Für die Drittstaatler*innen, die keinen Anspruch auf die Aufenthaltserlaubnis nach § 24 AufenthG haben, ist daher mit dem 31. August unklar, wie es weitergehen wird. Und nicht nur das: Formell gesehen halten sie sich ab dann sogar ohne eine legale Aufenthaltserlaubnis in Deutschland auf.
Bundesländer und Universitäten suchen nach Übergangslösungen
Im Prinzip könnten die Drittstaatler*innen sich um eine Aufenthaltsgenehmigung für ein Studium in Deutschland bemühen, um weiter legal in Deutschland zu sein. Sie müssen jedoch die gleichen Voraussetzungen erfüllen wie internationale Studieninteressent*innen, also beispielsweise 10.000 Euro für den eigenen Lebensunterhalt nachweisen. Christoph Hilgert von der Hochschulrektorenkonferenz sieht das als die größte aufenthaltsrechtliche Hürde für die Drittstaatler*innen.

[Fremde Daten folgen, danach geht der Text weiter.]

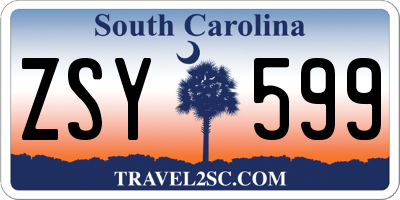 SC license plate ZSY599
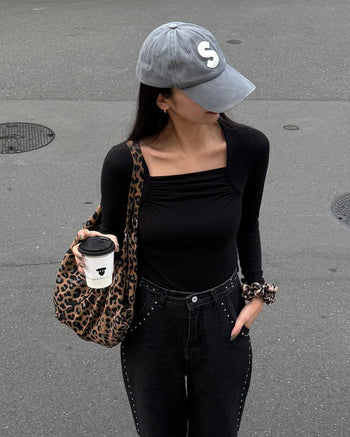 Square Shirring Bolero Style T-Shirt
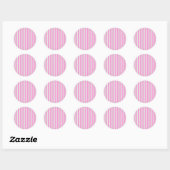 Moderne Neon Roze Strepen met 3D-Effect Ronde Sticker (Vel)
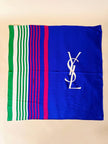 Foulard in seta multicolor con maxi logo “Yves Saint Laurent”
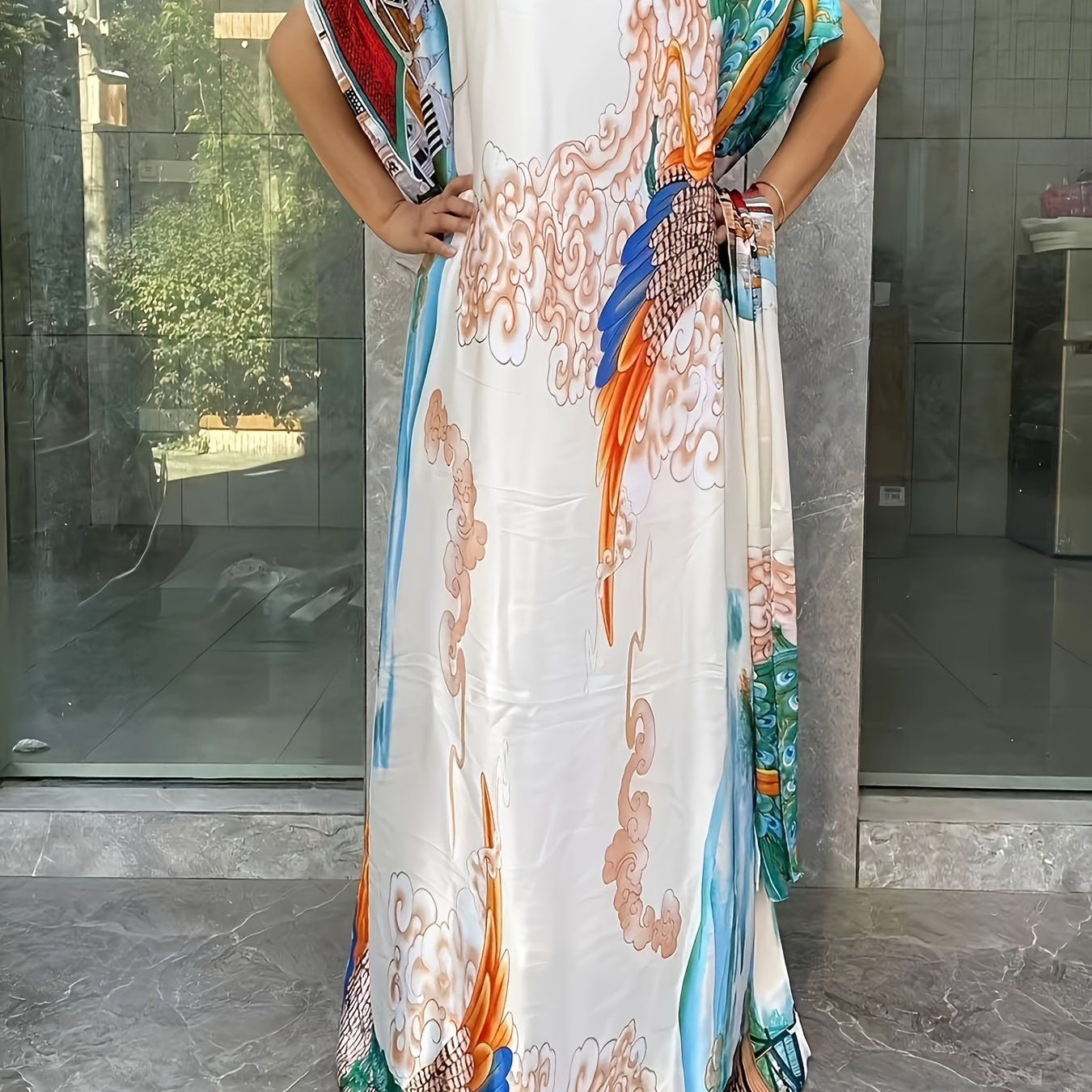 Plus Size Floral Print Longline Dress Short Sleeve Summer Clothing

Eine weitere Voraussetzung für die meisten Studiengänge in Deutschland sind Sprachkenntnisse auf dem hohen C1-Niveau. Gundula Oerter vom Flüchtlingsrat Bremen sagte dem MEDIENDIENST, dass viele Betroffene bereit seien, intensiv Deutsch zu lernen – allerdings gehe das nur über zertifizierte Sprachkurse, von denen es schlicht nicht genug gebe.
Außer einer Aufenthaltserlaubnis über einen Studienplatz können Drittstaatler*innen grundsätzlich auch einen Arbeits- oder Ausbildungsplatz finden und darüber einen Aufenthaltstitel erlangen. Allerdings müssten auch für eine Ausbildung Deutschkenntnisse auf B1-Niveau erlangt werden, so Oerter.
Berlin, Bremen und Hamburg als Vorreiter
Berlin, Bremen und Hamburg haben bereits Übergangslösungen gefunden: Sie erteilen Drittstaats-Studierenden Fiktionsbescheinigungen, sobald diese sich bei den Ausländerbehörden registrieren lassen.
Das gilt in Hamburg und Bremen bereits seit Mai. In Berlin verkündete der Berliner Senat im August, dass speziell Drittstaatler-Studierenden aus der Ukraine ein einmaliger, sechsmonatiger Aufenthalt nach §24 AufenthG zu gewähren sei. Mit diesem können sie – wie auch Kriegsflüchtlinge mit ukrainischer Staatsbürgerschaft – Sozialleistungen beziehen und arbeiten. In Berlin seien derzeit etwa bereits 150 nicht-ukrainische Drittstaatsangehörige gemeldet.
Einige Universitäten haben speziell für Kriegsflüchtlinge aus der Ukraine Angebote entwickelt, die auch Drittstaatsangehörigen eine mittelfristige Perspektive bieten können – vorausgesetzt sie haben vorübergehenden Schutz nach §24 AufenthG erhalten und einen dem Abitur vergleichbaren Schulabschluss. Die Universität Freiburg etwa bietet für zwei Semester ein sogenanntes Kurzzeitstudium.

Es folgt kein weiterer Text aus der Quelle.